The same applies to Northern Ireland where, for the first time, the Unionists – having lost the referendum – have also been big losers in the parliamentary election. They are down to a one-seat majority in Stormont.

Talk of a united Ireland now seems more realistic as it is based on economics – the loss of a seamless border with the Republic and access to EU markets by that route – as much as nationalism. The peace process and generational shifts, both among the political classes and population overall, as well as economic integration with the Republic have begun to neuter some of the traditional hostility among Protestants to the concept of unification.

At the same time, the UK economy seems at last to be suffering from the erosion of purchasing power by sterling-induced inflation. All of this smacks of stagflation, a constitutional crisis and rising political risk. UK gilts will suffer.
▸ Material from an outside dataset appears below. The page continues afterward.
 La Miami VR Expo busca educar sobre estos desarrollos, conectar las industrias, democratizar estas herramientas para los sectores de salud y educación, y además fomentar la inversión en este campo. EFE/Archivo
Ironically, a positive outcome in the French election will cause Bund yields to rise as the money, parked there as a hedge on the euro’s demise under Le Pen, exits, but it doesn’t stop there: the economy and the end of ECB quantitative easing will turn rising Bund yields into a trend.

PIIGS

Moreover, the periphery of Italy, Portugal, Ireland and, of course, Greece still have major debt sustainability issues in a rising interest-rate environment, though it will take time to unfold. Spain has better debt sustainability, but not sufficient to prevent its sovereign yields rising along with the other peripherals.

French sovereign bond yields are likely to rise. They will rise if Le Pen gets into the Élysée, calls a referendum on EU membership and attempts to implement an absurd economic policy. She has offered up a classic populist economic policy, promising more of everything to everyone while ignoring the fiscal costs and economic implications of the protectionism that binds her “France-first” policy.

There is nothing there that would revive productivity and lead to a revival in growth, which is what France needs. Of course, the political reality is that Le Pen would probably not be able to take France out of the euro, but she would try to markets will reflect that.

And even if Le Pen does not win – as is most likely – French yields will follow Bund yields up, with rising European inflation, economic recovery and ECB monetary tightening. So it’s a bond yield rise in Europe this year.